---------- Dataset excerpt

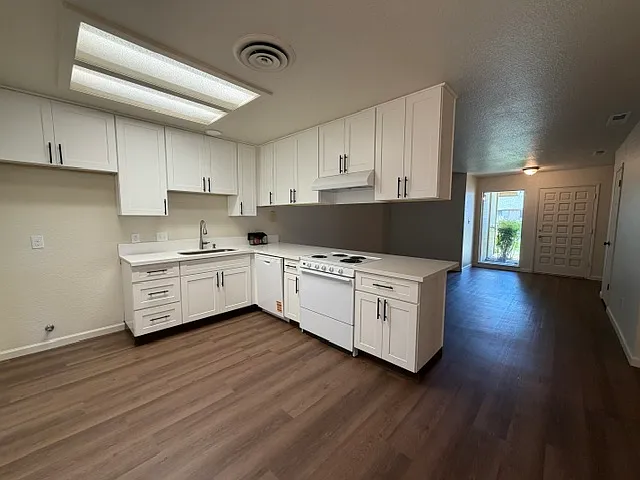 1519 Jennifer St #1 — Photo 3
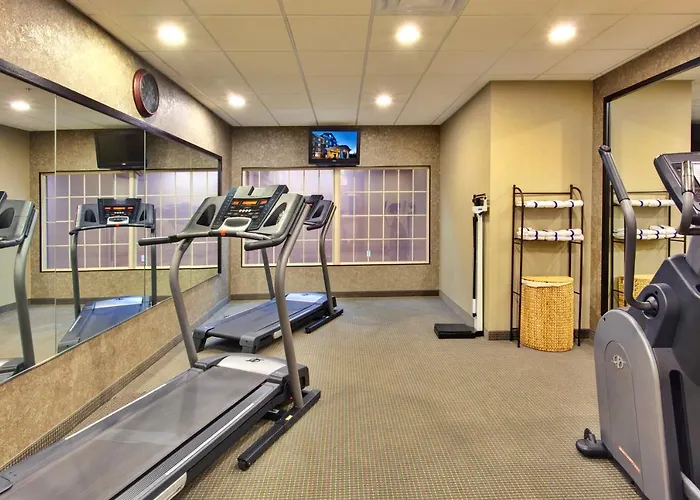 Holiday Inn Express Hotel & Suites Hamburg By Ihg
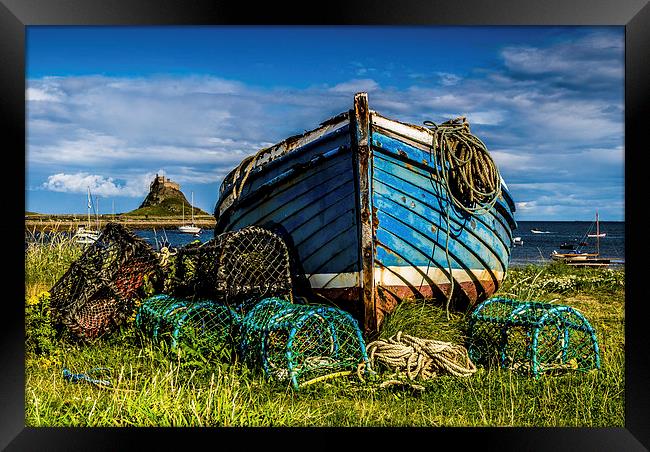 The Magpie, Holy Island Framed Print by Dave Hudspeth Landscape Photography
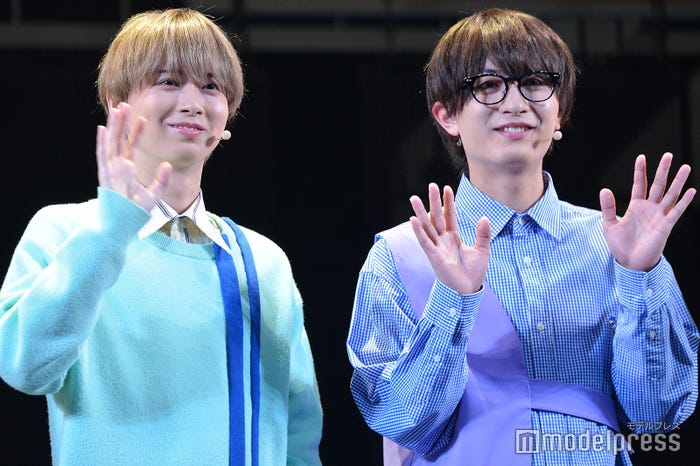 フォトセッション時に記者からの呼びかけに丁寧に応え、爽やかな笑顔を見せてくれた井上瑞稀、本高克樹 (C)モデルプレス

--------------------

◆ Exercise instructions:
Copy the full listing above exactly, apart from the pictures.

◆ Written solution:
 1519 Jennifer St #1 — Photo 3
 Holiday Inn Express Hotel & Suites Hamburg By Ihg
 The Magpie, Holy Island Framed Print by Dave Hudspeth Landscape Photography
 フォトセッション時に記者からの呼びかけに丁寧に応え、爽やかな笑顔を見せてくれた井上瑞稀、本高克樹 (C)モデルプレス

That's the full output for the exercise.